Description
A predictive model's utility lies in its ability to generalize to data it has not seen. Unfortunately, it is difficult to reliably measure a model's ability to generalize to unseen data since it requires reasoning about the model's interactions with unknown environments. Generalization of deep learning models has been the subject of extensive study for years, but there has been a recent increase in the exploration of generalization metrics to predict the generalization of deep learning models.
While prior work in generalization metrics has been dominated by computer vision, in this work, we conduct one of the first analyses of generalization metrics in natural language processing (NLP). We study 36 generalization metrics spanning various motivations/theories with the goal of understanding the degree to which each metric is appropriate for use in predicting the generalization of models common in NLP. We particularly focus on shape metrics (generalization metrics derived from the shape of the empirical distribution of eigenvalues of weight correlation matrices) and are among the first to consider out-of-distribution generalization when evaluating the effectiveness generalization metrics.

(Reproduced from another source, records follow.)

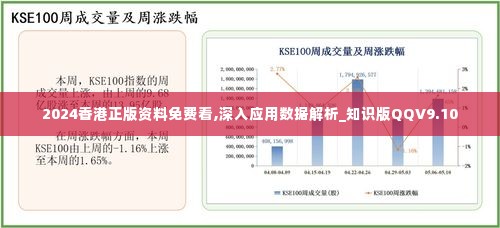 2024香港正版资料免费看,深入应用数据解析_知识版QQV9.10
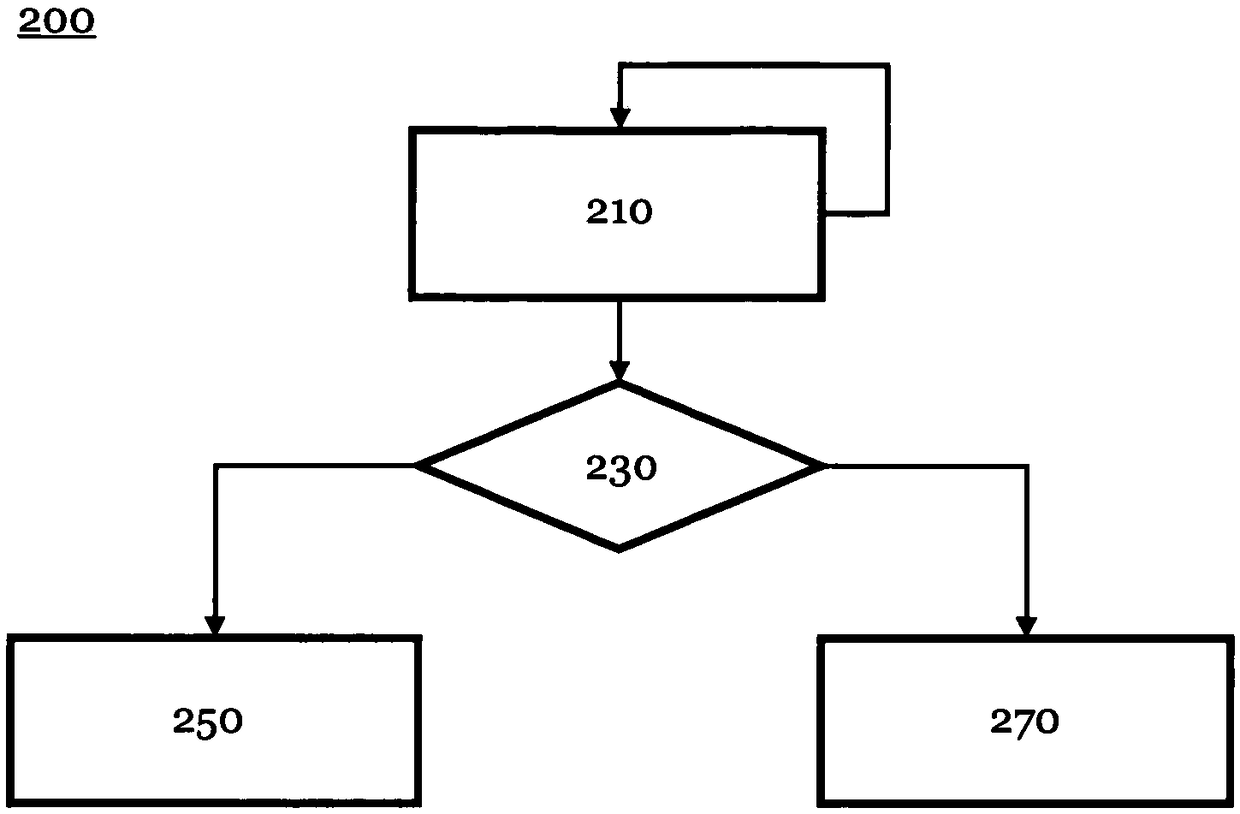 MRK system and method for controlling an MRK system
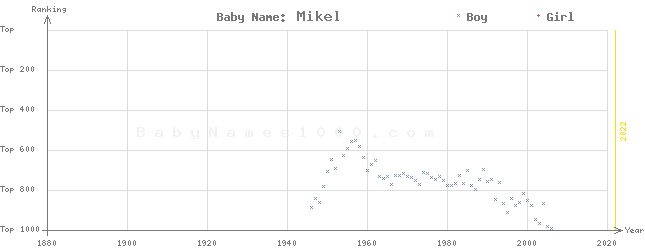 Baby Name Rankings of Mikel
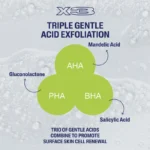 Cetaphil Gentle Exfoliating SA Cleanser 237ml - Image 3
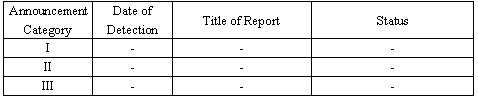 Reports from Apr. 17 to Apr. 23, 2008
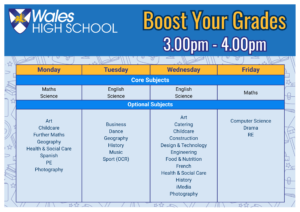 Y11 Boost Your Grades 2026 (5)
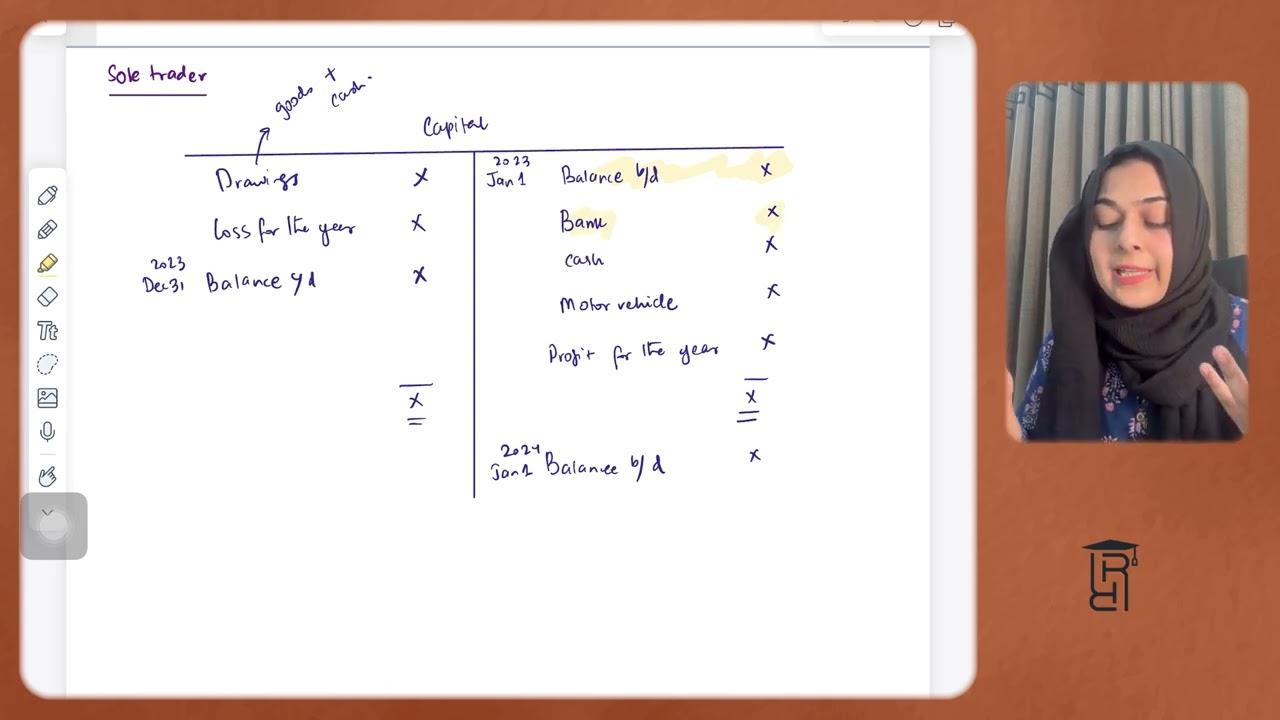 O level/IGCSE Accounting. O/N 2024 paper 23 Q2. Partnerships.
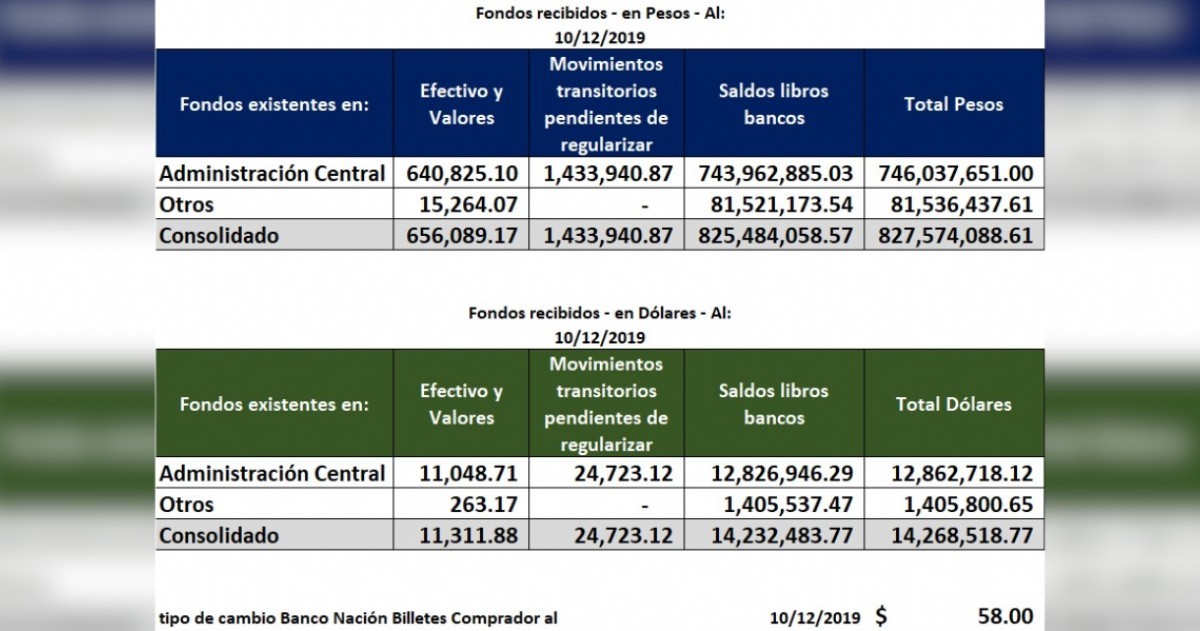 Esta fue la herencia de Carlos Arroyo a Guillermo Montenegro en 2019.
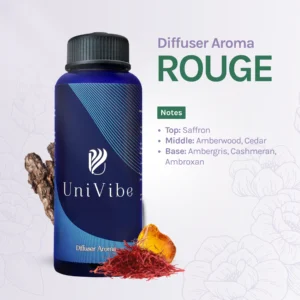 Diffuser Aroma - Rouge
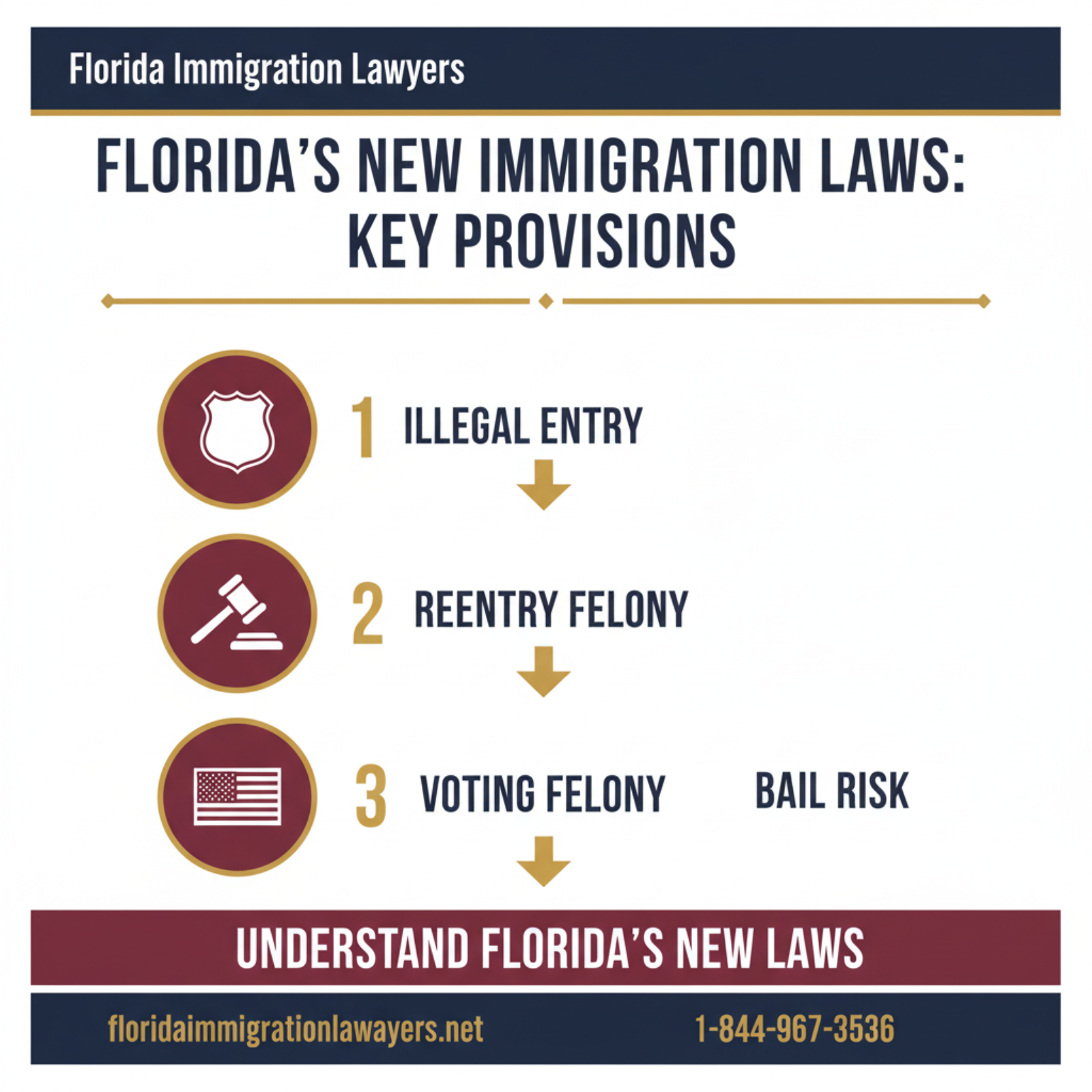 Step-by-step process infographic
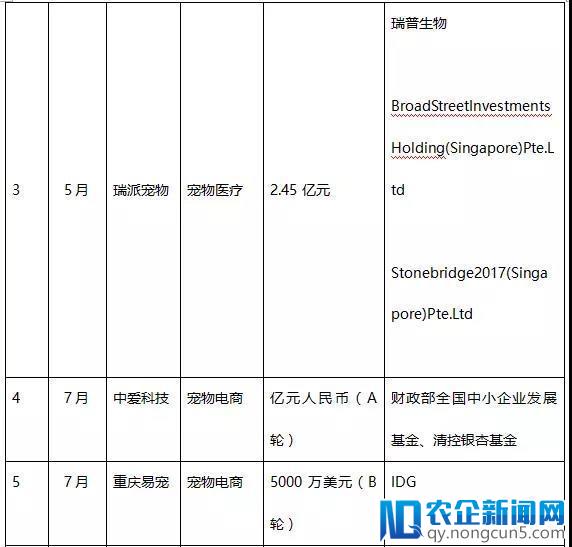 超15亿元入场？ 2017中美宠物市场“一快一慢”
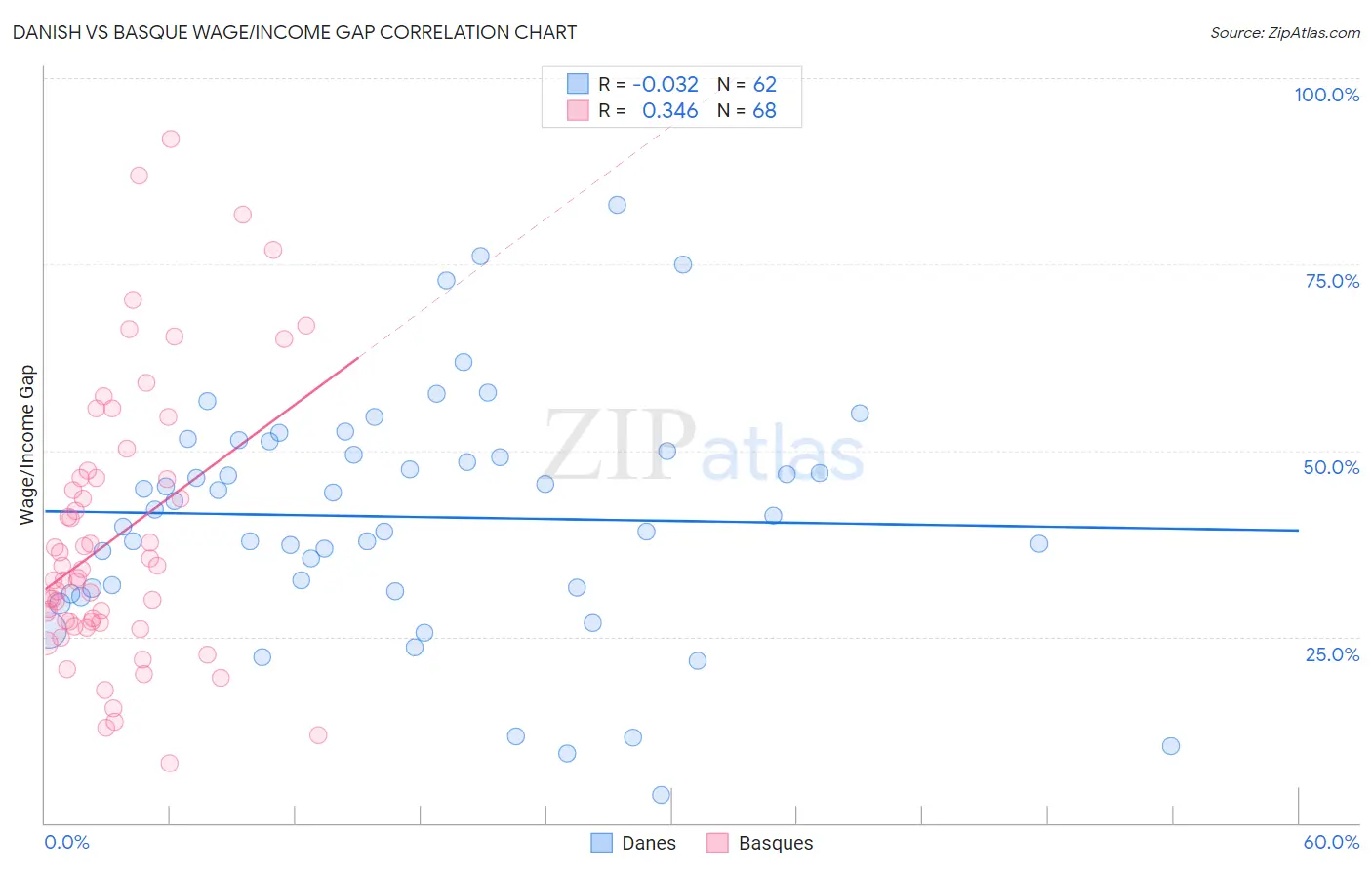 Danish vs Basque Wage/Income Gap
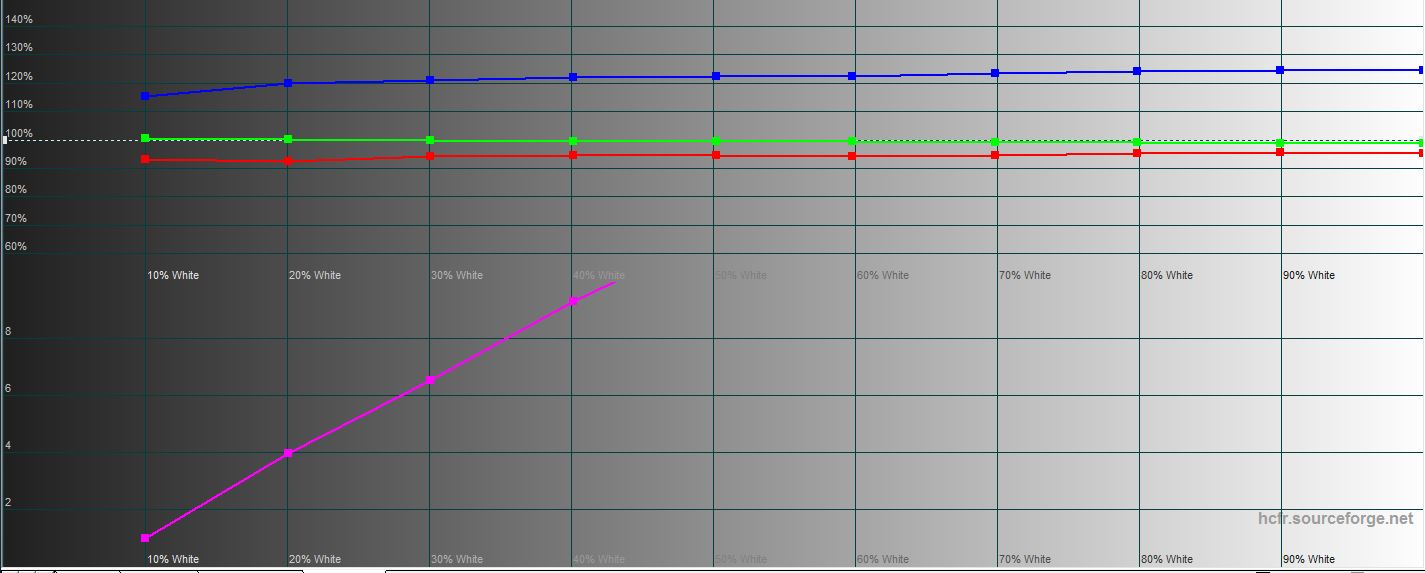 Обзор Samsung Galaxy S21+ и Galaxy S21: первые флагманы 2021 года-78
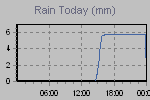 Today's Rainfall Graph Thumbnail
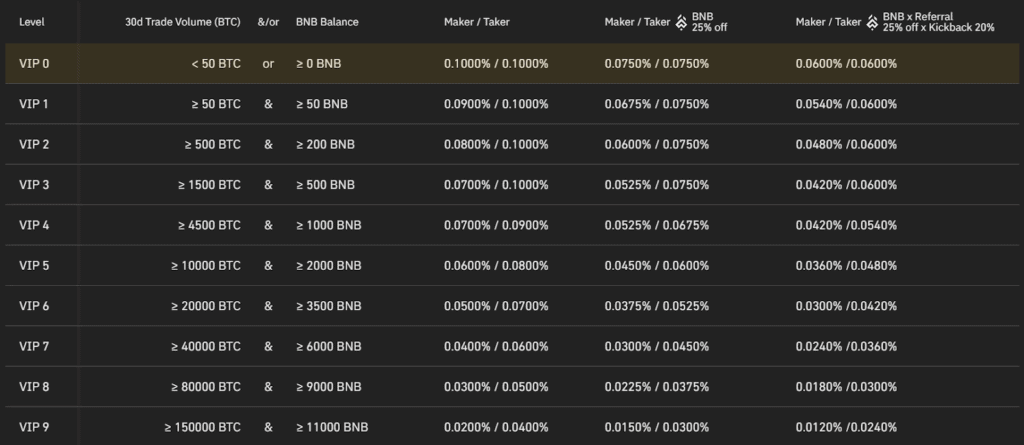 Binance vs. Coinbase: Which Should You Choose?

We find that shape metrics are a promising category of generalization metrics, as they are the best metrics among those we consider at predicting generalization performance throughout training and show characteristics of being "ideal" generalization metrics. Interestingly, many of the generalization metrics we consider exhibit a behavior reminiscent of the Simpson's paradox when related to generalization performance. Moreover, the generalization metrics we consider are generally robust to changes in data distribution. However, there are signs this robustness is limited.